Last week on January 18, CATL officially announced its entry into the battery swap market with a new brand called EVOGO. CATL’s strategy is different from Nio, which also builds battery swap stations. While Nio’s swap network is only available to Nio users, CATL makes a battery swap station that all automakers can partner with and use. Well, in theory.
Now we know their first partner is FAW’s subsidiary Bestune. The first model ready for EVOGO battery swap stations will be MPV Bestune NAT (E05), dedicated mainly to the cab market. Another difference from Nio’s strategy is that CATL focuses on ride-hailing and commercial markets while Nio focuses on private users.
Currently, Bestune already operates taxi swapping stations in Jilin province. However, somehow oddly, those stations can only be used by Bestune NAT cars for now. Later on, they will be open for other brands as well, according to FAW.
Interestingly, it is not just Bestune, another FAW brand Hongqi also building swap stations in Jilin. Hongqi E-QM5 battery swap taxi version was put into operation in Changchun, Jilin Province, last November. 22 swap stations are already in use, and 22 more are planned. The E-QM5 is a mid-size EV sedan with 135hp & 430km NEDC.
With the introduction of EVOGO, the battery swap market in China might see a shift from single-brand swapping stations, like NIO is operating, to any-brand swapping stations, like EVOGO’s standardized battery swap operating system.
CATL (Contemporary Amperex Technology Co Ltd.) is a global energy technology company and the leading EV lithium-ion battery manufacturer in China.
FAW Bestune is responsible for vehicle development, testing, and manufacturing, while CATL manufactures the batteries and launches the battery swapping station networks. In this process, both parties collaborate to find regional sales and operations partners to quickly implement this battery swap business model across China.
Standardized battery pack design
According to EVOGO, its battery pack adopts a standardized design, and multiple battery packs can be installed together. Replacing a single battery pack with a 200 km range would take less than a minute. If a three-battery pack module with a 600 km range needs to be replaced, it would only take three minutes. The standardized design allows automakers to have more modular definitions when developing a vehicle; the same battery pack design can be used across different vehicle models and quickly swapped.
Furthermore, battery swap can serve more vehicles than fast charging under the same amount of time and space, which reduces the occupation of land resources. The batteries can also be reused and recycled from the automobile market to the energy storage market, which maximizes the usage throughout the entire life cycle of the batteries.
Will battery swap be the trend?
Major automakers are waging war over battery cell innovations. In China, the current swapping technology is mainly aimed at fleets, like taxi fleets and ride-hailing cars, with NIO being the only exception.
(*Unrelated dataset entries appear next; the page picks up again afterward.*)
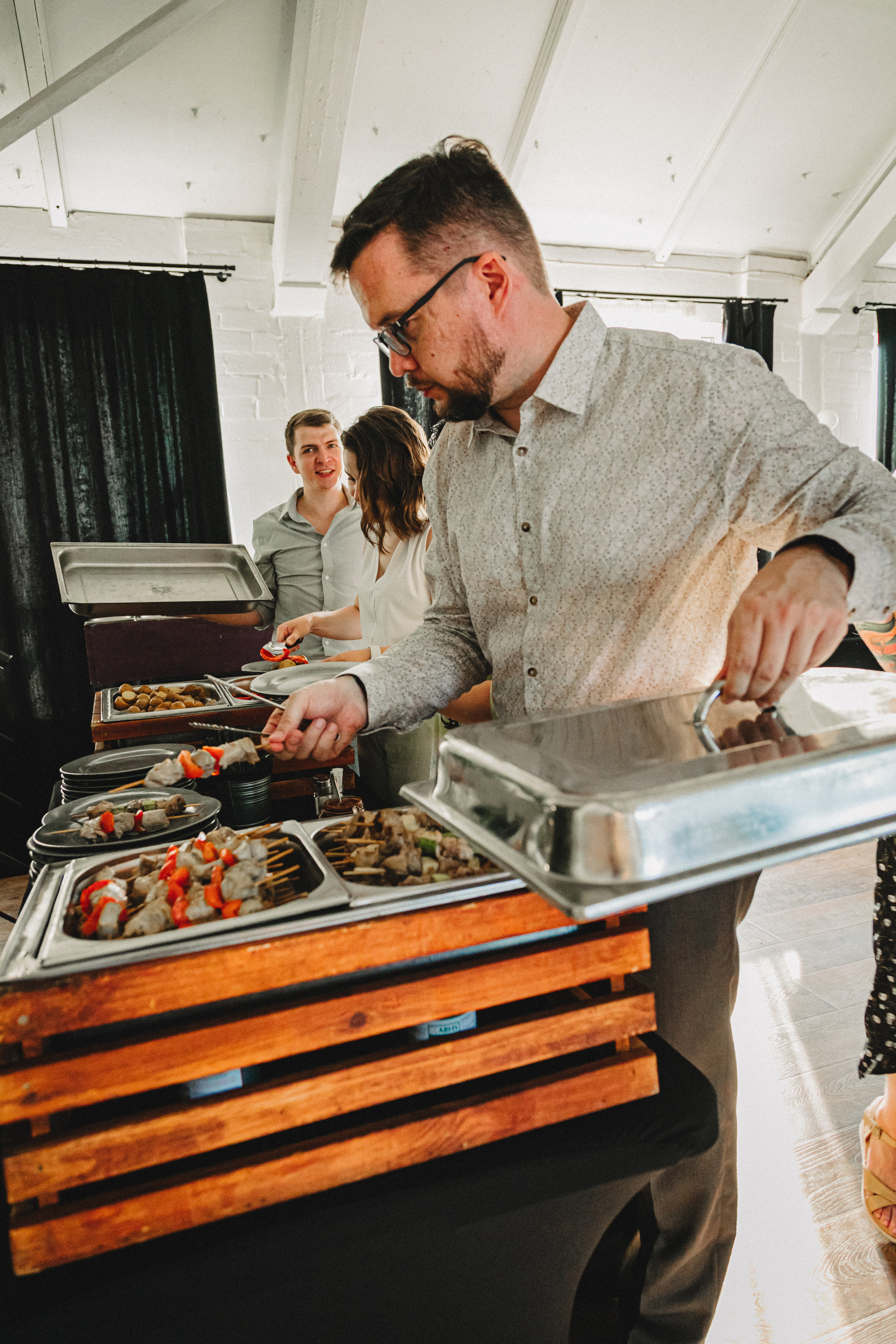 Свадьба Жени и Паши. С друзьями. Свадебный и семейный фотограф Женя Добрянская в Нижнем Новгороде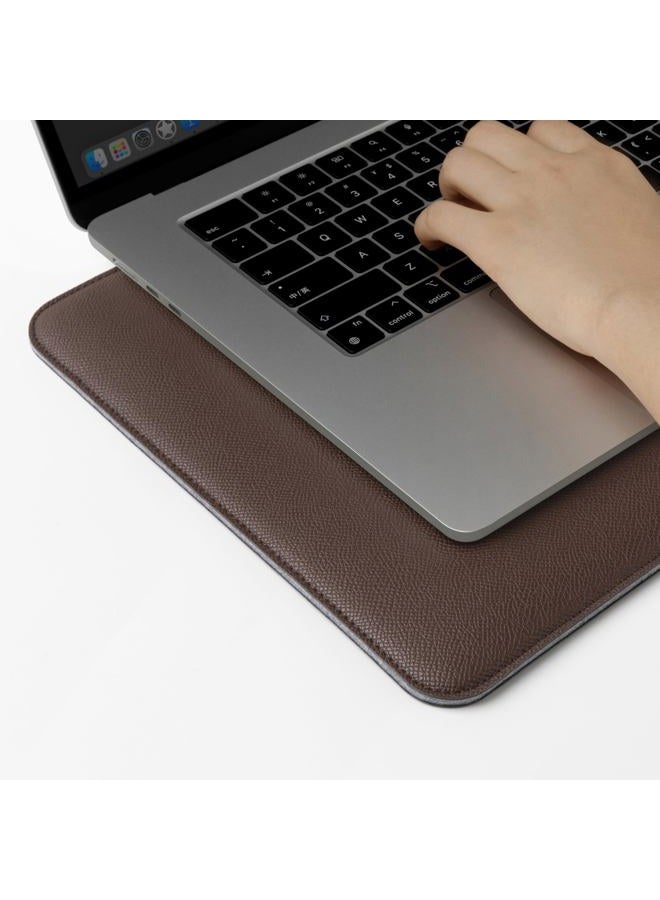 Comfyable حافظة لابتوب 14 بوصة متوافقة بدقة مع ماك بوك برو M5 M4 M3 M2 برو/ماكس 2026-2021، غلاف جلد صناعي، 14 بوصة، بني - Image 5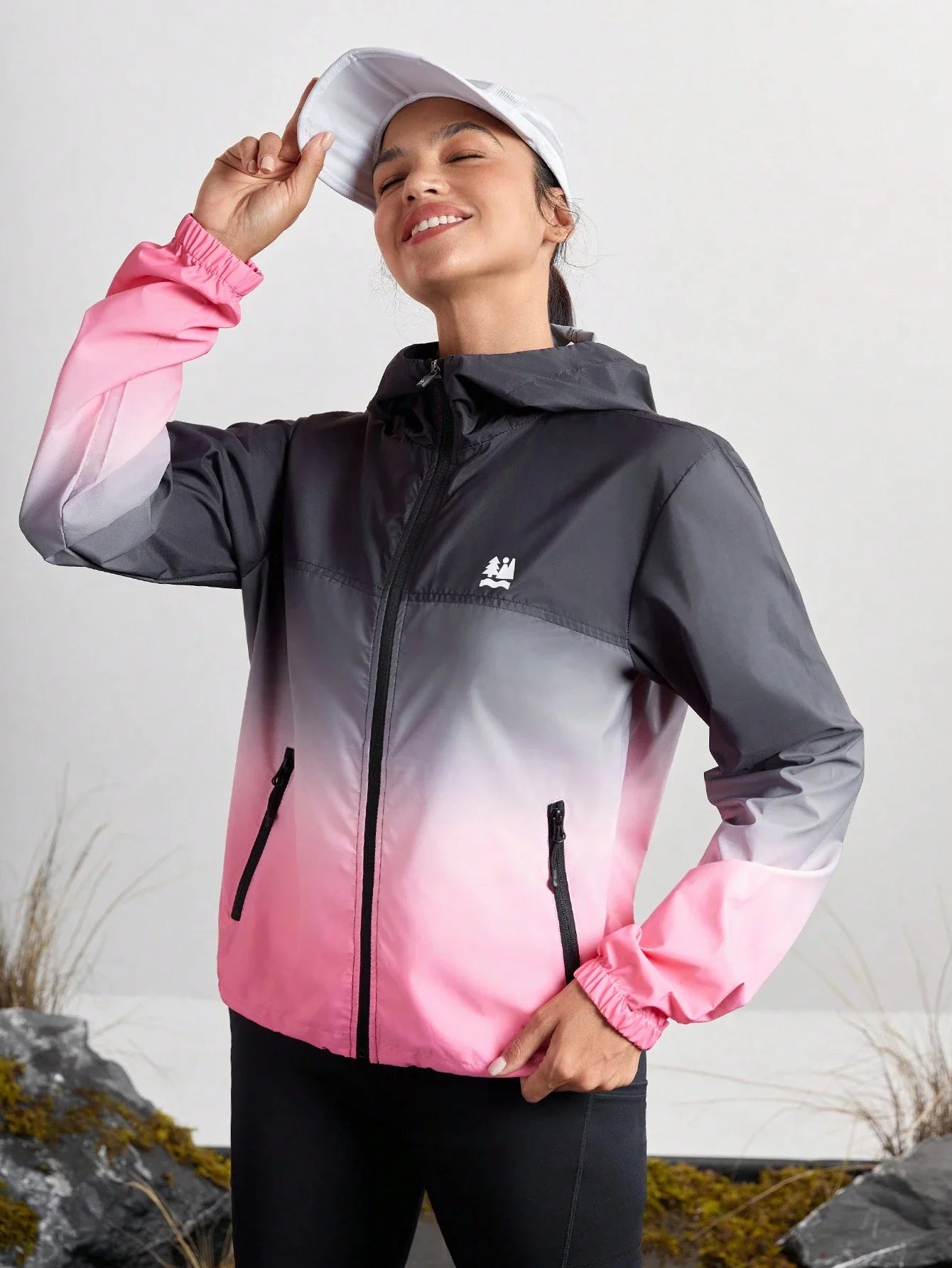 Corta-Vento Casual Com Capuz Julia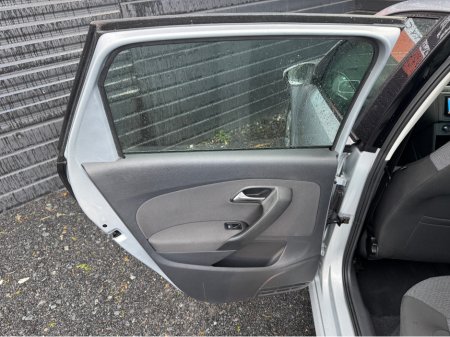 2012 Volkswagen Polo 1.2 TSI AUTO €7,995 thumbnail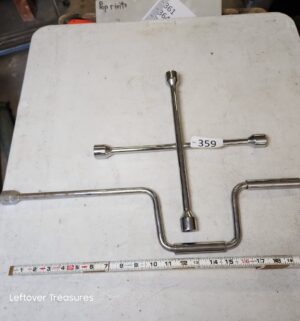 n359- Speed Wrench, 4 way lug wrench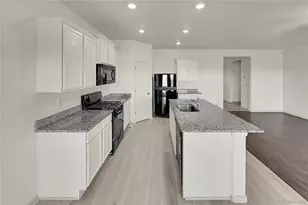 307 Thomas Ave, Keenesburg, CO 80643 - Photo 9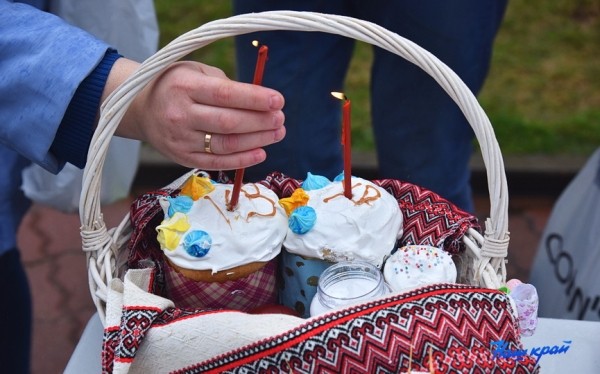 Фоторепортаж. Освящение пасхальных яиц и куличей в храмах Барановичей Фоторепортаж. Освящение пасхальных яиц и куличей в храмах Барановичей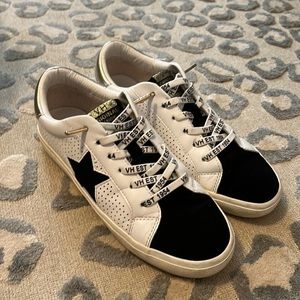 Vintage Havana fashion sneakers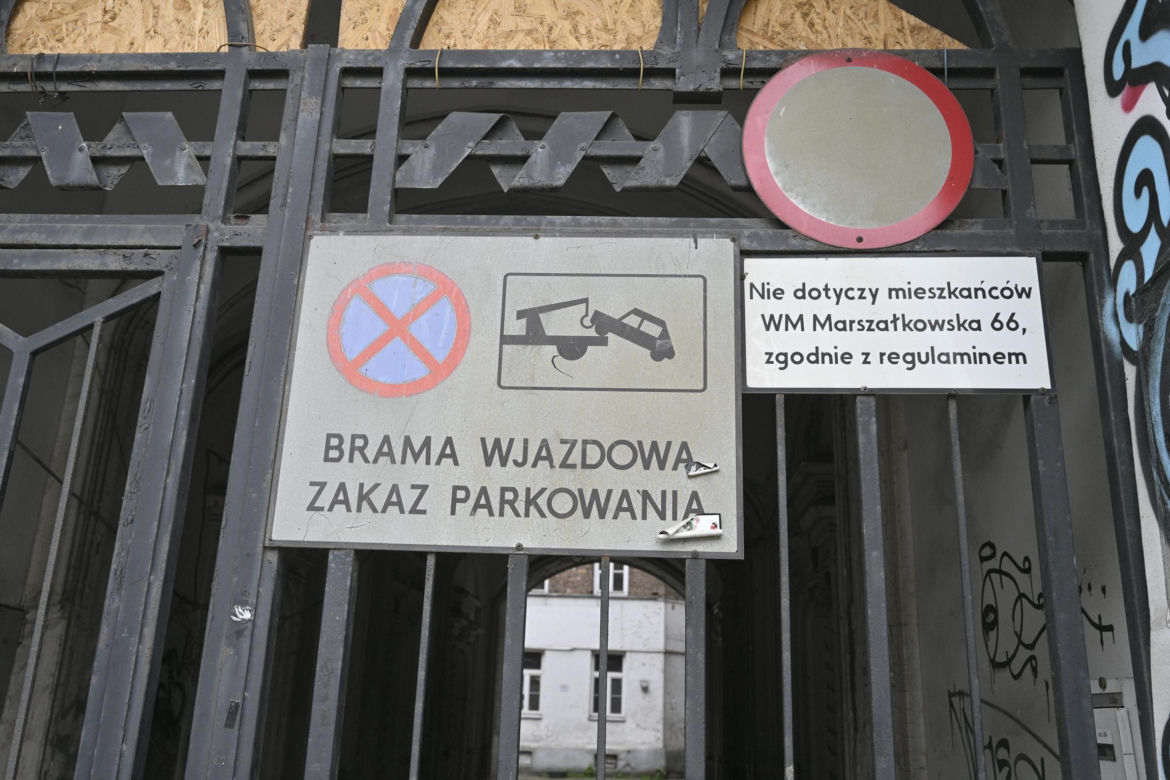 „To co robi miasto, to skandal”. Warszawa sprzedaje zabytkową kamienicę w centrum za grube miliony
In other countries like the United States, independent vehicle companies are partnering up with Chinese auto manufacturers, such as the Waymo-Zeekr and Nuro-BYD partnerships, to manufacture and test their vehicles and provide hardware like the battery for their electric autonomous ride-sharing fleets and delivery fleets, respectively. Will they adopt battery swap or high-voltage fast charging for those electric vehicles?